Dataset excerpts START

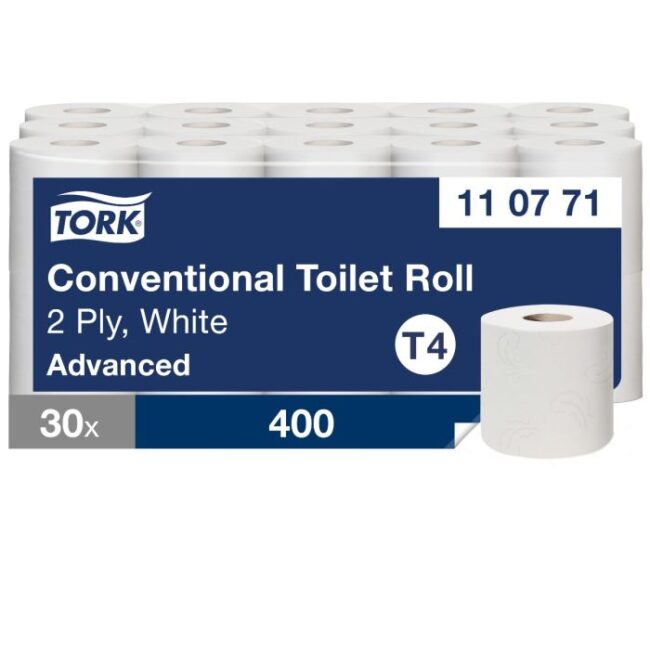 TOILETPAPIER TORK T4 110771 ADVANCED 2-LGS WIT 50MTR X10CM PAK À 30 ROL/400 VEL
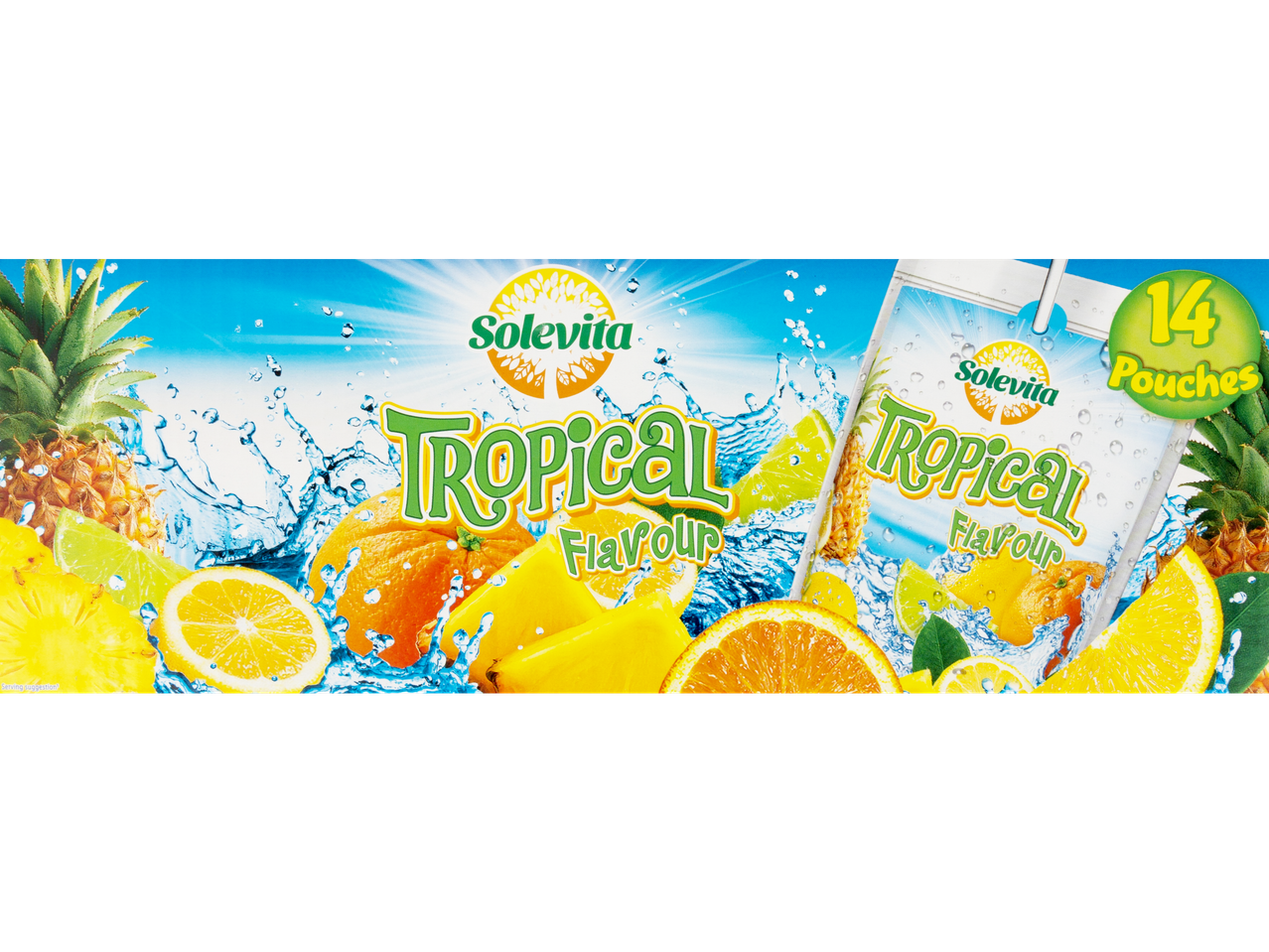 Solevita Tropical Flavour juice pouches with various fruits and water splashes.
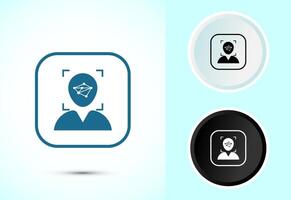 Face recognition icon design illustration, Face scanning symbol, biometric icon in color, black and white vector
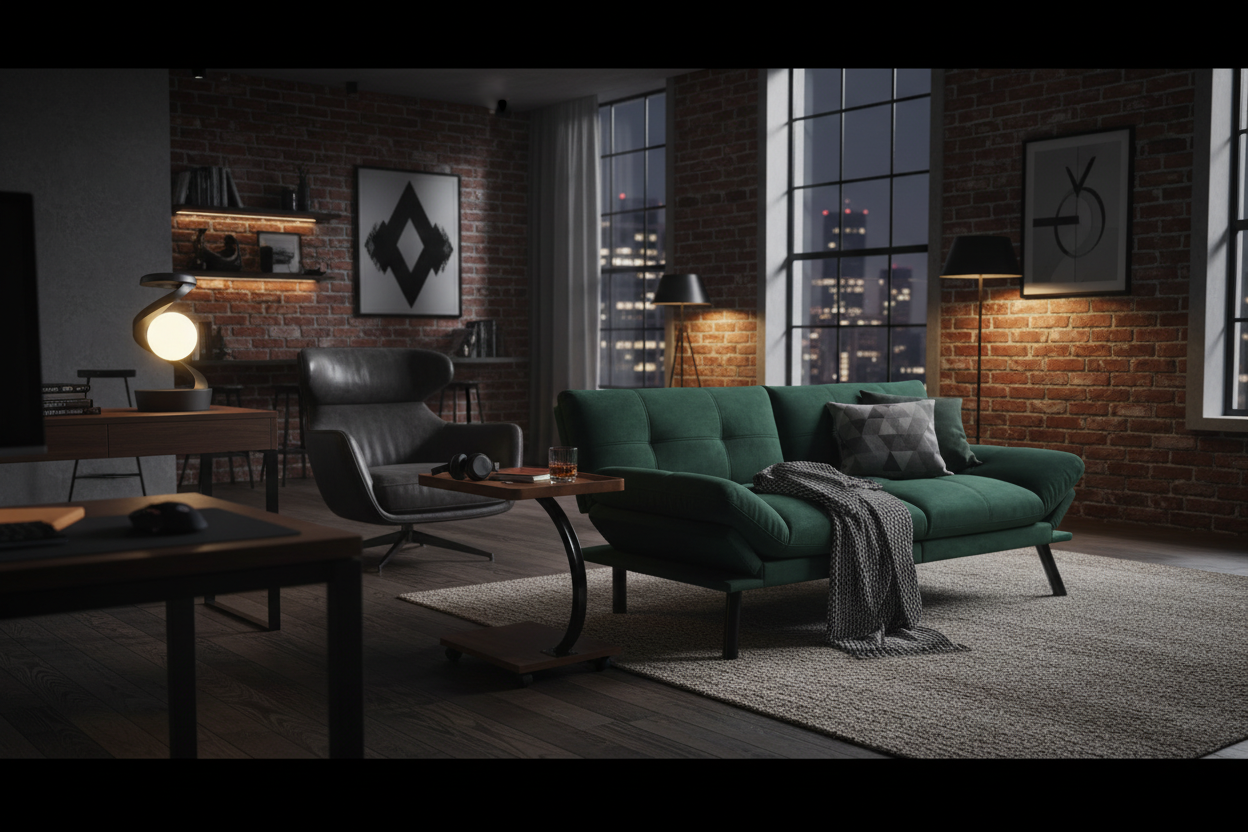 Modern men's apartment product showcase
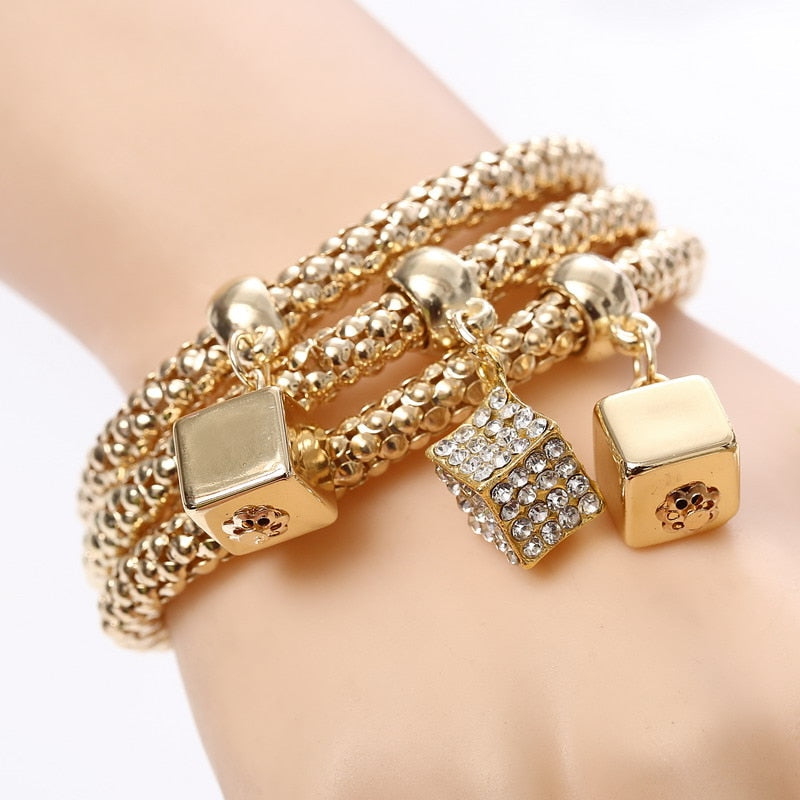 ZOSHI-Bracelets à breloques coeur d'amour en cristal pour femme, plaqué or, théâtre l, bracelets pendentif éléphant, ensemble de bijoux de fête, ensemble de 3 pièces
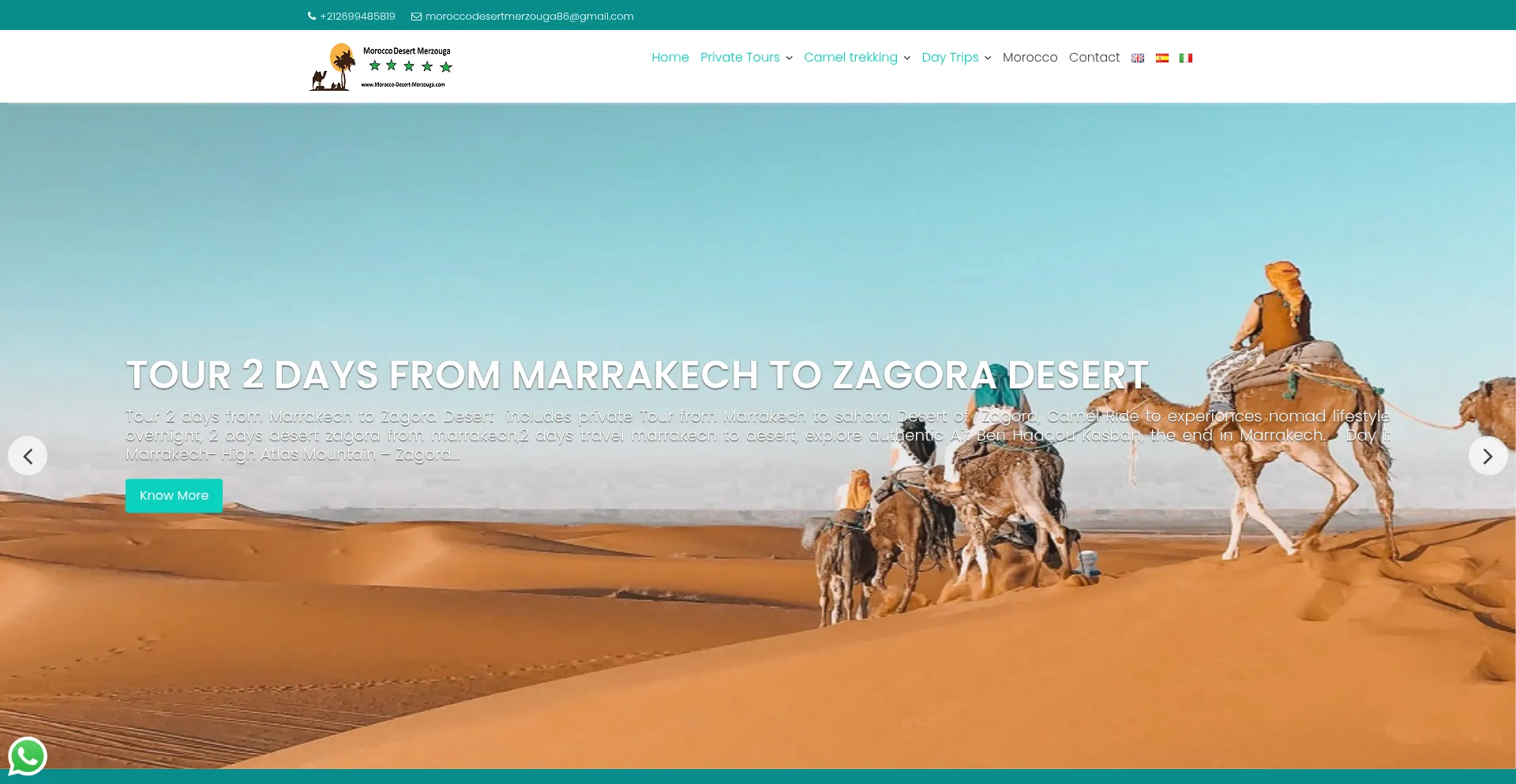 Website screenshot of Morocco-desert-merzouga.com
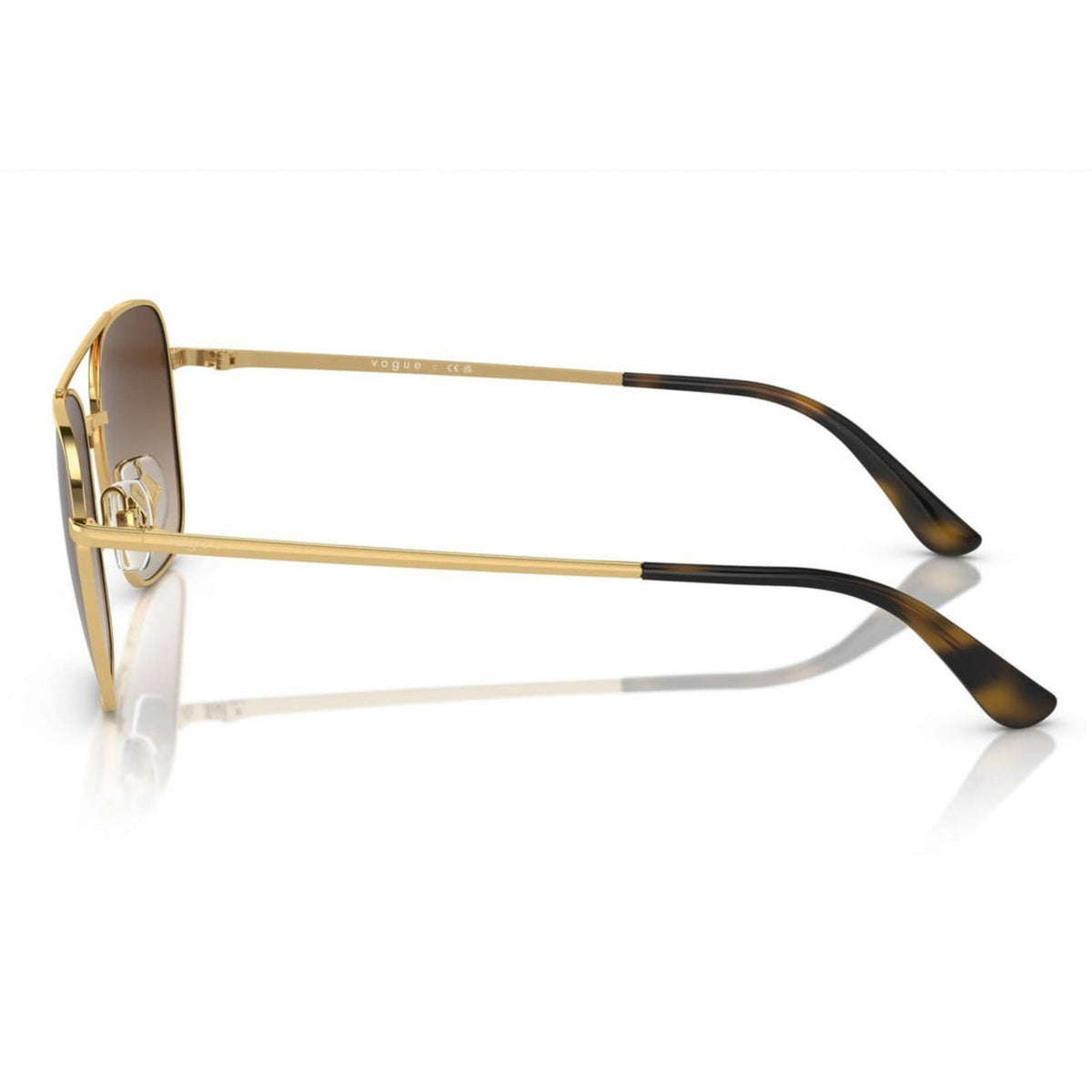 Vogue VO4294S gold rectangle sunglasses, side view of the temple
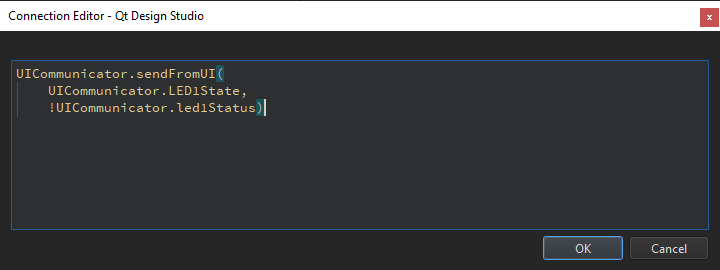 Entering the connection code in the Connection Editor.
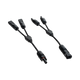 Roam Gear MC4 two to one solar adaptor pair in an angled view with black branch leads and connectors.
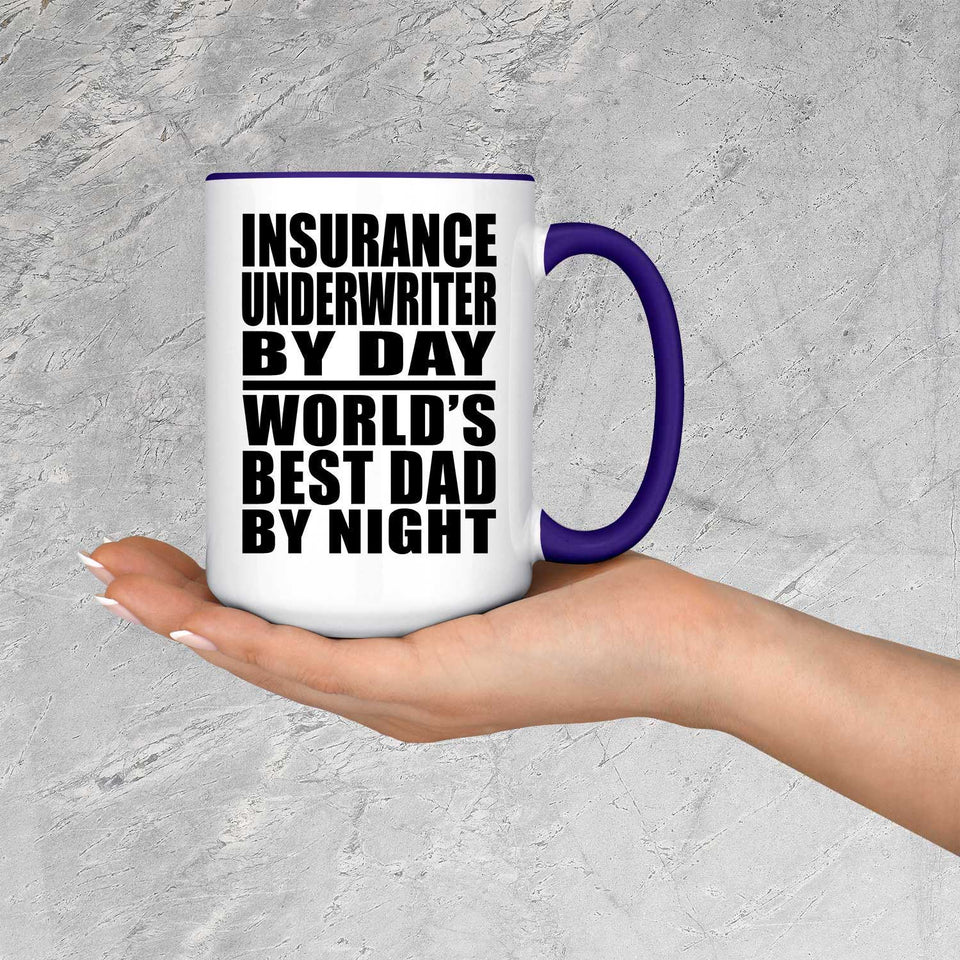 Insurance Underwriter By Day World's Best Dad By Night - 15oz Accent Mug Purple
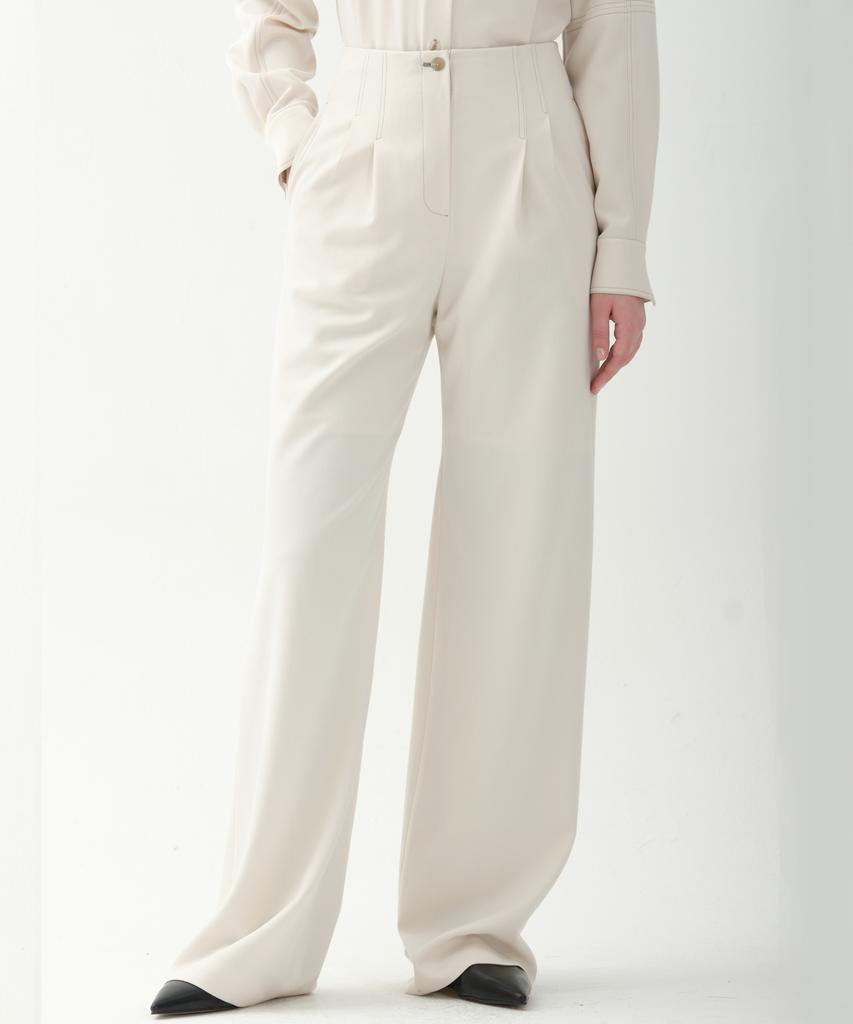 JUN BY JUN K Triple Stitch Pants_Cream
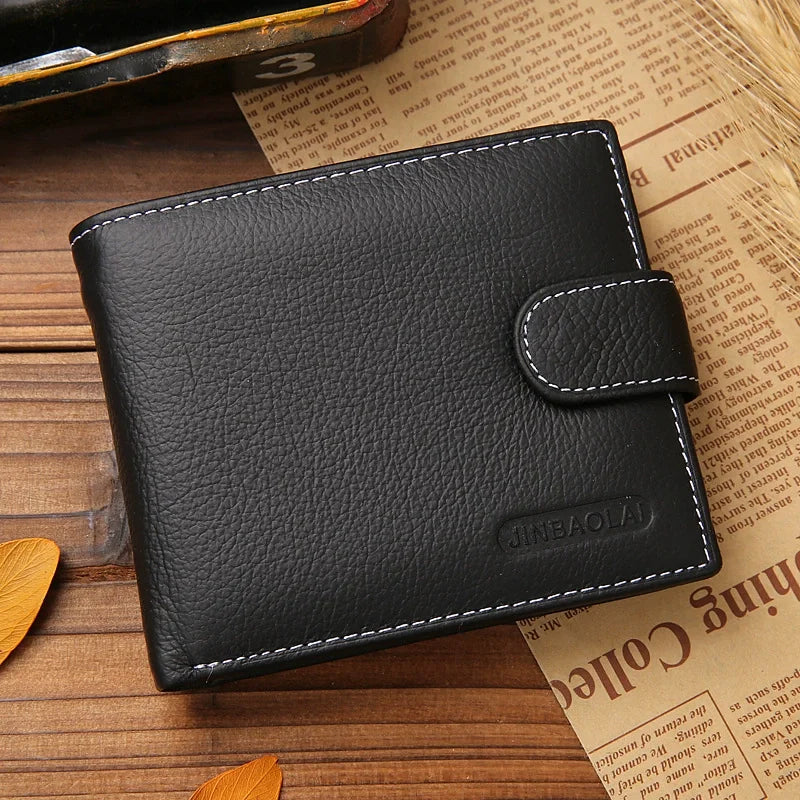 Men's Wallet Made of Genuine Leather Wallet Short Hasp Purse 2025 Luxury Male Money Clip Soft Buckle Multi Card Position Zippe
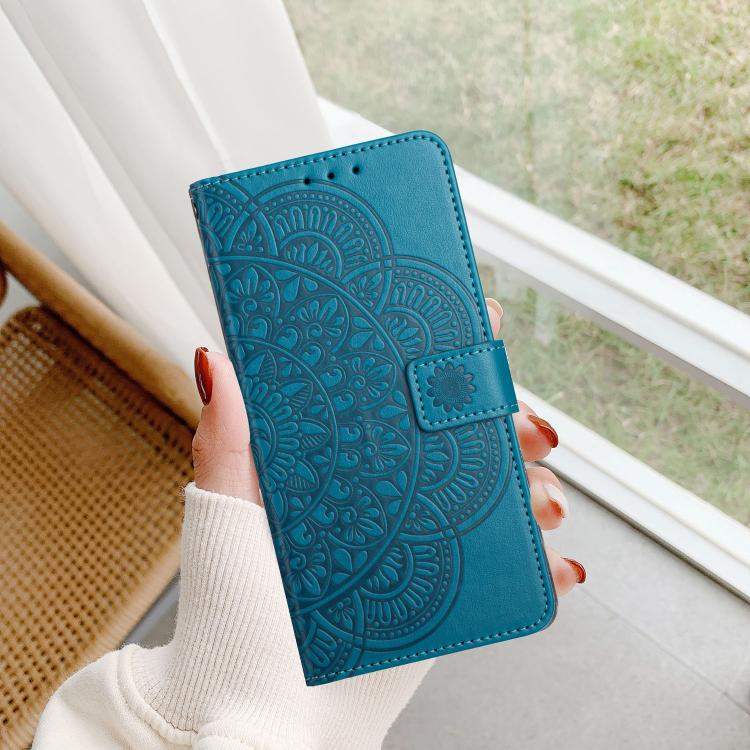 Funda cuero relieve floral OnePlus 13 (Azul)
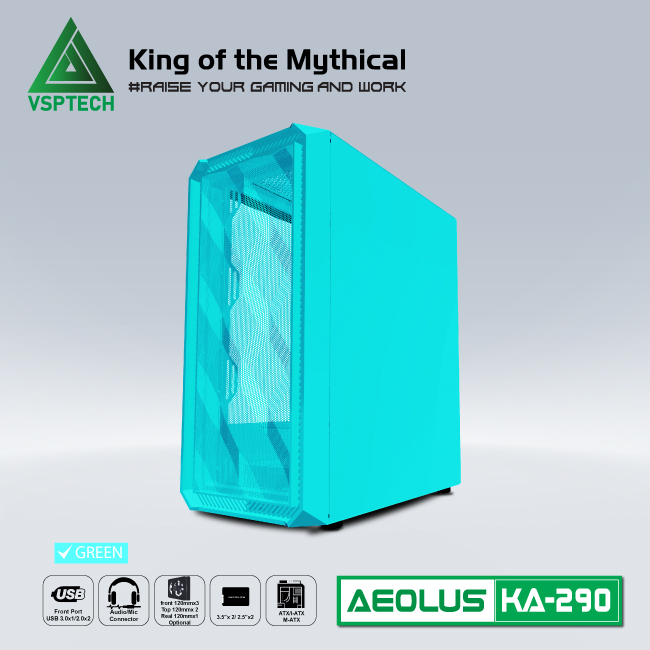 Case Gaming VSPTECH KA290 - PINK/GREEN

Dataset excerpts END

* **Work to complete**: Look above for the line holding "Vogue VO4294S gold" and output everything from it down to the line holding "Roam Gear MC4", both ends included, exactly and without images.

* **Answer for the task**:
 Vogue VO4294S gold rectangle sunglasses, side view of the temple
 Entering the connection code in the Connection Editor.
 Roam Gear MC4 two to one solar adaptor pair in an angled view with black branch leads and connectors.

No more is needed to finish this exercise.